Check: $3 + 1 = 4 = \dim M_{2 \times 2}(F)$.

$R_\theta : \mathbb{R}^2 \to \mathbb{R}^2$ (rotation by $\theta \neq 0$).

$\ker(R_\theta) = \{0\}$ (only the origin is fixed), nullity $= 0$.

$\text{im}(R_\theta) = \mathbb{R}^2$ (rotation is surjective), rank $= 2$.

$T_0 : V \to W$, $T_0(v) = 0$ for all $v$.

$\ker(T_0) = V$, nullity $= \dim V$.

$\text{im}(T_0) = \{0\}$, rank $= 0$.

$\text{id}_V : V \to V$, $\text{id}_V(v) = v$.
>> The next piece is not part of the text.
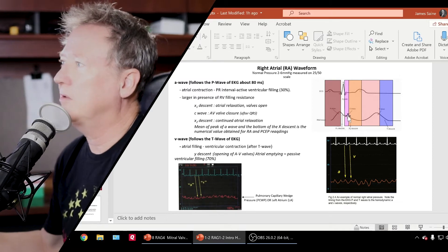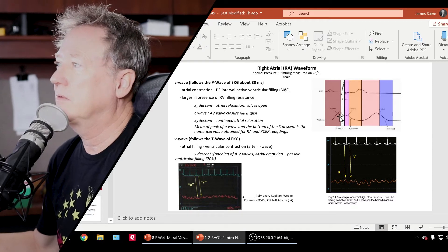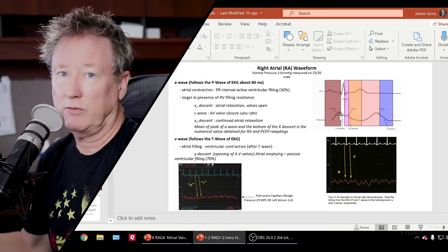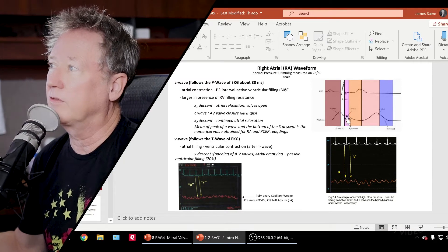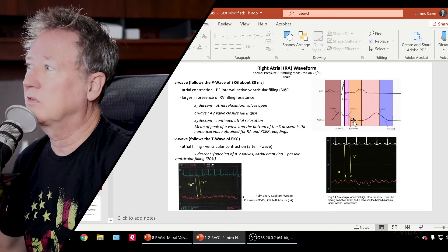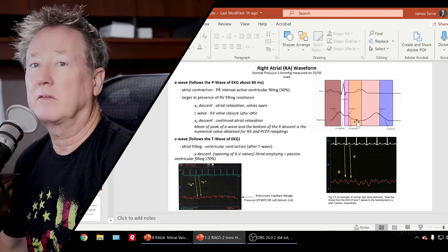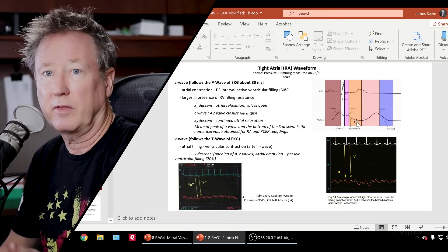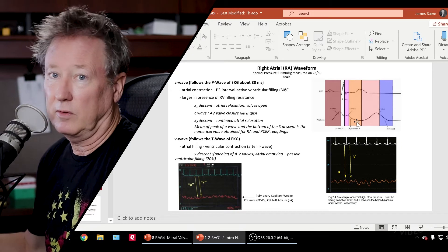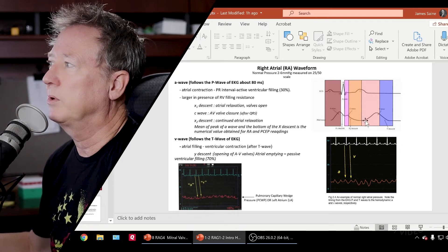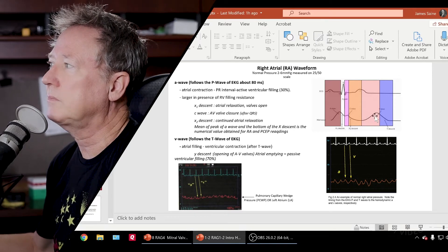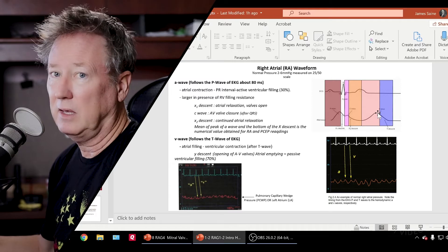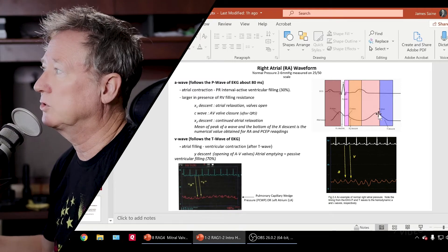The first part of the descent before the C wave is called X1 — that is atrial emptying. When the pressure in the atria gets below the pressure in the ventricle, the atrial ventricular valves close — the tricuspid or the mitral valve — and that causes a C wave. Then the pressure continues to drop; this is the X2 descent. As the atria start filling, as blood returns from the inferior and superior vena cavas on the right side and from the pulmonary veins on the left side, the pressure starts building and you get the V wave. When the atrial ventricular valves open, at the peak of the V wave, as they empty out the pressure drops — this is the Y descent.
$\ker(\text{id}_V) = \{0\}$, nullity $= 0$.

$\text{im}(\text{id}_V) = V$, rank $= \dim V$.

$T : M_{2 \times 2}(F) \to M_{2 \times 2}(F)$, $T(A) = A^T$.

$\ker(T) = \{0\}$ (since $A^T = 0$ implies $A = 0$), nullity $= 0$.

$\text{im}(T) = M_{2 \times 2}(F)$ (since $(B^T)^T = B$), rank $= 4$.

For any $A \in M_{m \times n}(F)$, $N(A) = \ker(T_A)$ is the solution set of $Ax = 0$. The column space $C(A) = \text{im}(T_A)$ is spanned by the columns of $A$.

$T : C[-1, 1] \to \mathbb{R}$, $T(f) = \int_{-1}^1 f(x)\,dx$.

$\ker(T)$ is the set of continuous functions with zero integral over $[-1, 1]$. For instance, all odd functions belong to $\ker(T)$. This kernel is infinite-dimensional.

$\text{ev}_c : P_n(F) \to F$, $\text{ev}_c(p) = p(c)$.

$\ker(\text{ev}_c) = \{p \in P_n(F) \mid p(c) = 0\}$, i.e., polynomials with root at $c$. These are of the form $(x - c)q(x)$ with $\deg q \leq n - 1$, so nullity $= n$.

$L : F^\infty \to F^\infty$, $L(a_1, a_2, a_3, \ldots) = (a_2, a_3, a_4, \ldots)$.

$\ker(L) = \{(a_1, 0, 0, \ldots) \mid a_1 \in F\}$, which is 1-dimensional.

$\text{im}(L) = F^\infty$ (surjective: for any $(b_1, b_2, \ldots)$, take $(0, b_1, b_2, \ldots)$).